May/June 2009 / Cover Story

Executive Counsel Roundtable: Regulation and the Financial Crisis

Five attorneys, whose experience ranges from litigation and antitrust, to M&A and financial services, discuss the origins of the current financial meltdown, and the part that lack of regulation or “mis-regulation” may have played in precipitating the crisis.

Participants are Executive Counsel editorial advisory board members David Wingfield, partner at the Canadian firm WeirFoulds, and Kenneth Bialkin, partner at Skadden, Arps, Slate, Meagher & Flom, along with Mark Botti, partner at Akin Gump Strauss Hauer & Feld, and Michael Mierzewski and Alan Avery, partners at Arnold & Porter.

The attorneys consider potential consequences of short-term stimulus measures and what some consider the de facto nationalization of some major U.S. financial institutions.

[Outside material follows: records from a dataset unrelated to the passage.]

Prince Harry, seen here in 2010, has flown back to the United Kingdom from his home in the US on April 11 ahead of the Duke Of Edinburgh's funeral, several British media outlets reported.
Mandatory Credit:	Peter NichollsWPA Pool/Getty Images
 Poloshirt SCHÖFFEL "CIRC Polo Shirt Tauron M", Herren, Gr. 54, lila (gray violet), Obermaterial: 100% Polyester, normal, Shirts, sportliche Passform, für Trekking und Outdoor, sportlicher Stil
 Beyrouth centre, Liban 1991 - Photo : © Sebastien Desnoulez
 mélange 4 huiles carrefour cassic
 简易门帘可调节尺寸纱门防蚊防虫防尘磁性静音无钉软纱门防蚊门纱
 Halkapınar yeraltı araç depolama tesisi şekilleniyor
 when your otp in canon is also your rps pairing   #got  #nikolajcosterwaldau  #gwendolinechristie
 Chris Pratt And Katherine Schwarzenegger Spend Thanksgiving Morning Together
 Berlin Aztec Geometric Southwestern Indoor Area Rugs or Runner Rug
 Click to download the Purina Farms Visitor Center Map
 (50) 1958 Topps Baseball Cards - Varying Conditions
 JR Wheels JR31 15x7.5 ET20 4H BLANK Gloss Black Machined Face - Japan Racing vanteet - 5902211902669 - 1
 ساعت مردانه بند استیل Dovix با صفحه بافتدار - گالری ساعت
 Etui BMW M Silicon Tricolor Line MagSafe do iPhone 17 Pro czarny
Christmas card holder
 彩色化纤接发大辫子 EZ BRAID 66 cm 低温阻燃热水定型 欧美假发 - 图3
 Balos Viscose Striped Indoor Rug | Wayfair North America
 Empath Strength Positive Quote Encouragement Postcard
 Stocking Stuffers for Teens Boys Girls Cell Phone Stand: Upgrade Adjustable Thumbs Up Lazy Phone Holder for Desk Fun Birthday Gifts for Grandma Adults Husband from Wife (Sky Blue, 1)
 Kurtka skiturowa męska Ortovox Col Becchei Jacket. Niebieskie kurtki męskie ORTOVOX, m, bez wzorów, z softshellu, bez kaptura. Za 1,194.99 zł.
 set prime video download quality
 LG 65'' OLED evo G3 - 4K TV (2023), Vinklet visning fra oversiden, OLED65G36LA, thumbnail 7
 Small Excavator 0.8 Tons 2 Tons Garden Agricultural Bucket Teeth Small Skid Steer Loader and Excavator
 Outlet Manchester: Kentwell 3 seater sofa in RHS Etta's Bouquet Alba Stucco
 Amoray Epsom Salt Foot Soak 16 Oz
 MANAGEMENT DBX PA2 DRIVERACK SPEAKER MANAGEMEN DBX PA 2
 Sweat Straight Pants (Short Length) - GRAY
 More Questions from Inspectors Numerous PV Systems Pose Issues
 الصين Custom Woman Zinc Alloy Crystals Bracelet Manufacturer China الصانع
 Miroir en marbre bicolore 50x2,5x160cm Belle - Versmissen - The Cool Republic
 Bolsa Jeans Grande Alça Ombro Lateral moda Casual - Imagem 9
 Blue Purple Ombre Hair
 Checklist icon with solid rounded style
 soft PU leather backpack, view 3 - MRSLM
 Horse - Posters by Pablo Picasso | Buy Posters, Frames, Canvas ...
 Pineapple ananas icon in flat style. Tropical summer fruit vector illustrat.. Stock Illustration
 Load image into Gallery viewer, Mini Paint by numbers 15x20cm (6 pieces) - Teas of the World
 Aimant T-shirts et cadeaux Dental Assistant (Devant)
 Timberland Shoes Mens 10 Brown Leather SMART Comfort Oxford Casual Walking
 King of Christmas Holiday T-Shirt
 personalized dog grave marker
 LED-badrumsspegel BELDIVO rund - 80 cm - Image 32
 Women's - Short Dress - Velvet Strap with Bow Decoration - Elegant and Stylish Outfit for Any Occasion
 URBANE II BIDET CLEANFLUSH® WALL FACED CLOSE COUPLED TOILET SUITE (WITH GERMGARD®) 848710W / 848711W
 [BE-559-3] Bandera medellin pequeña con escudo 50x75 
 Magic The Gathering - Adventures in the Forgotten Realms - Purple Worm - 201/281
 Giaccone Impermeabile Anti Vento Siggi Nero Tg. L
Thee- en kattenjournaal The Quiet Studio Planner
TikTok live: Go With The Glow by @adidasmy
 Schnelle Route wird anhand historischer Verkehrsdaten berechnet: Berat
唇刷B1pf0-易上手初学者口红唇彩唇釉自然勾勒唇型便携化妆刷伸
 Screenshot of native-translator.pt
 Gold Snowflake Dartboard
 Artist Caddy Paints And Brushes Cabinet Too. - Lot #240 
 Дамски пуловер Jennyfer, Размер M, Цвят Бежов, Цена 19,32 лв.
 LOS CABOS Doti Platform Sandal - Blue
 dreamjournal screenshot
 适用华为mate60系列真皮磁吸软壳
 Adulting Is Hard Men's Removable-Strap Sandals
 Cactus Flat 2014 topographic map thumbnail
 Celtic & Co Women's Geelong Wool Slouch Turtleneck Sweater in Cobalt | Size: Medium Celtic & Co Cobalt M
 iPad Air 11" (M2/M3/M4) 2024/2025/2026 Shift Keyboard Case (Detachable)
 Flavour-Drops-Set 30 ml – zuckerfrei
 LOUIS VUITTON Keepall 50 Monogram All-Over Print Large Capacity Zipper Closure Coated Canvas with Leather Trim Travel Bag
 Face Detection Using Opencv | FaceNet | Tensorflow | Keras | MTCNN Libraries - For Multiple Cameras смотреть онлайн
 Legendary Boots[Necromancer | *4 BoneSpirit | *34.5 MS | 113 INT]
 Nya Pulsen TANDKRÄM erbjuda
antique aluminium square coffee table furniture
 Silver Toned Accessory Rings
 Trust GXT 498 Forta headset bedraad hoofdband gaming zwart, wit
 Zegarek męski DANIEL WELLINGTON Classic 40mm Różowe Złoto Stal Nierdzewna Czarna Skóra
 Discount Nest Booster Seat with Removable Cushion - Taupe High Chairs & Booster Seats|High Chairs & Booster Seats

They weigh the pros and cons of “mark-to-market” versus “fair value” accounting, and express some skepticism about the need for a “super regulator” for previously unregulated financial entities.

The group arrives at a partial consensus that extraordinary government measures have been justified in order to kick start the economy and restore the credit system. But some participants express the view that short-term measures now being implemented could fundamentally alter the relationship between the free market and government, to the detriment of the long-range health of the economy.